What does it mean to fear God?

What does it mean to fear God?

 

Shabbat Vayelech/Shabbat Shuvah 5780

One word appears like a thread in our sidra and throughout this season.  It is the Hebrew word YRA usually translated ‘to fear’ or ‘to be in awe of’.  These days, between Rosh Hashanah and Yom Kippur, are Yamim Noraim, Days of Awe.  Our Sidra talks about fearing God.  At the same time it tells us, twice, ‘Be strong and of good courage, do not fear, for God will go before you.’

Amongst the hardest concepts for 21st century Jews to grasp is this idea of yir’at haShem, the fear of God- which is expressed as ‘fear of the name’ because even to speak the Divine name was held in awe and trepidation.  It was fundamental to our ancestors faith.  On Rosh Hashanah, we read the story of the Akedah.  At the end of the story, Abraham was told,  Ki ata yadati ki y’rei elohi ata ׀ - now I know that you are God-fearing.  Why did God know that Abraham was God-fearing?  Because he was willing to slay his son Isaac.  What sort of fear must this be, that Abraham had to be willing to kill his son to prove it?   Yet throughout subsequent generations,  yir’at haShem was seen as the mark of a righteous man or woman.  If someone was God-fearing, then they could be relied on to behave justly and mercifully, to do what is right.

This is because yir’at haShem is more than simple fear.  The Book of Proverbs tells us: Yir’at Adonai reishit chochmah - the fear of God is the beginning of wisdom.    Yir’at haShem is an attitude of mind.  It is an awareness of God’s awesome presence in the world.  As we say in the Kedushah, m’lo kol ha-aretz k’vodo - the whole earth is full of God’s glory. It is as much a sense of wonder as a sense of fear, an awareness of the beauty and greatness of the universe - as the Psalmist says, ‘The heaven’s proclaim God’s glory.’ If God’s creation is so amazing, how much more so must its Creator be.  Abraham Joshua Heschel, the great 20th century rabbi, writes: ‘Awe is an intuition for the dignity of all things… Awe… enables us to see in the world intimations of the divine.’

From this sense of God’s presence springs a sense that everything we do matters.  Each good deed has an importance for the good of the world, each bad deed harms the world. That is a sense that is very much heightened at this time.  Two metaphors symbolise these days.  The first is a book in which our deeds are recorded and our fate written and then, at Yom Kippur, sealed.  The second is of our deeds being weighed in a scale.  As Maimonides explains, for most people, good and bad deeds are finely balanced, and one deed can sway the scales either way.  We do not need to take the metaphors literally to feel the weight of these days, to feel that our repentance and prayers do matter, and can make a difference to how we live our lives in the year to come.  The sense of awe that these days bring can give us not only fear but also hope and strength as we approach Yom Kippur.
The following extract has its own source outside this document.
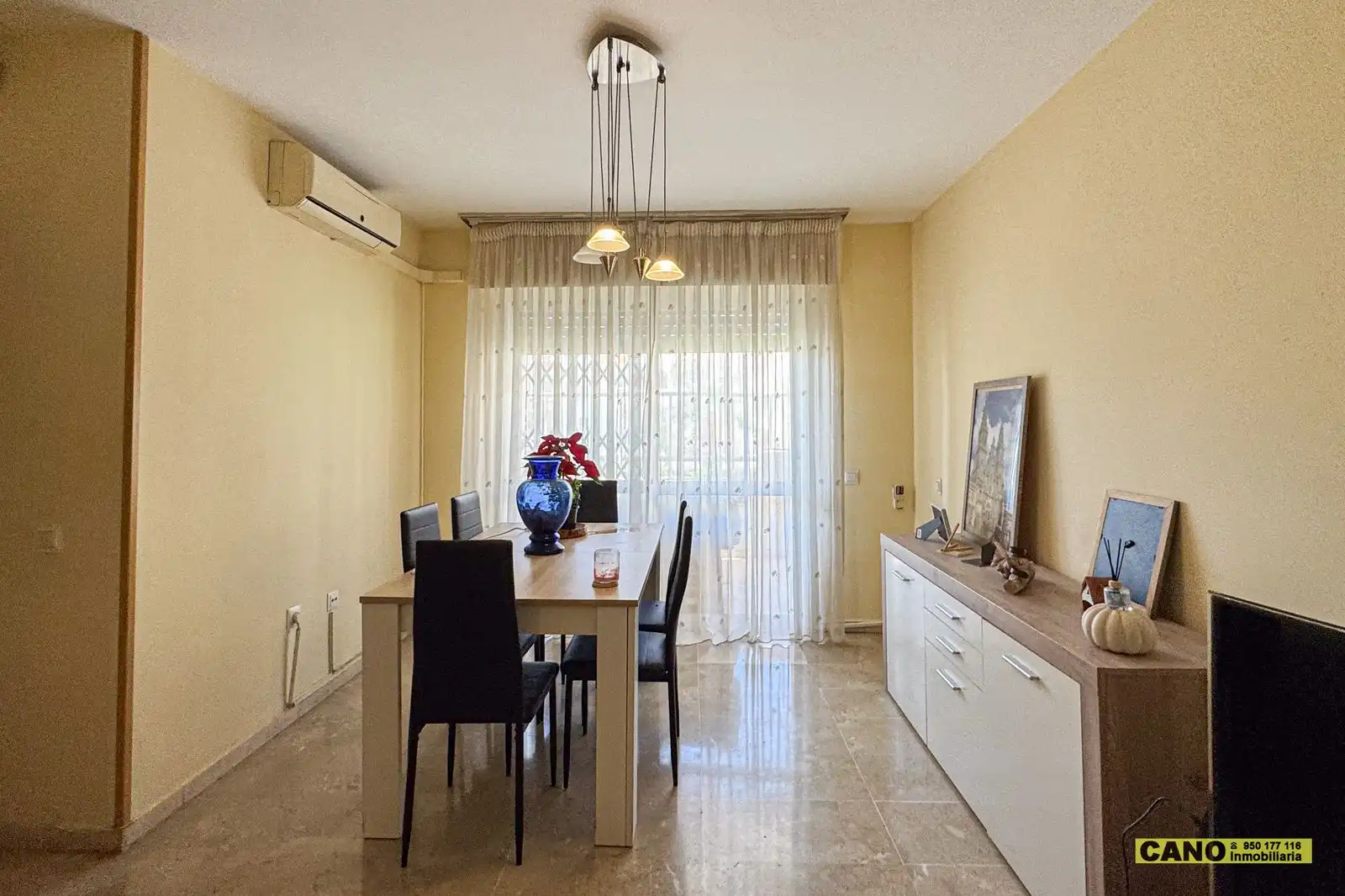 Comedor de Piso en venta en Roquetas de Mar con Terraza, Trastero y Piscina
For Yir’at haShem is not like any other fear.  Normally, fear and love do not accompany each other.  Yet Judaism talks not only of Yir’at haShem but also of Ahavat haShem, love of God.   In the Shema, we read ‘v’ahavta et Adonai Elohecha - you shall love the Eternal One your God.’  Throughout the Torah, God is described as loving and compassionate.  In a beautiful symmetry, the rabbis decided that the blessing before the Shema should thank God for the everlasting love that has been shown to us.  If fear of God is hard to grasp, love of God can seem even harder. God can seem an abstract concept or a transcendent being, beyond the universe.  Again, the rabbis help us to a different understanding:  ‘If someone says they love God but do not love their fellow human being, you know they are lying.’  It is through loving our fellow human beings that we come to love God.  That is the way we express our love and the way we experience God’s love.  Judaism is not a religion that can be lived in isolation.  It is through our loving relationships with each other that we come to love God.

The explorer John Muir wrote: ‘How wholly infused with God is this one big word of love that we call the world!’  The creation of the world was an expression of God’s love.   When we look at the world around us, and when we experience what it is to love, we experience together both the awe and the love of God. In these Days of Awe, let us awaken ourselves to both.  For in these days, we experience God’s nearness as at no other time.  And as we experience God’s nearness, the words that were said to Joshua may be fulfilled for us: ‘Be strong and of good courage; do not fear.  For the Eternal God goes before you and will not fail you or forsake you.’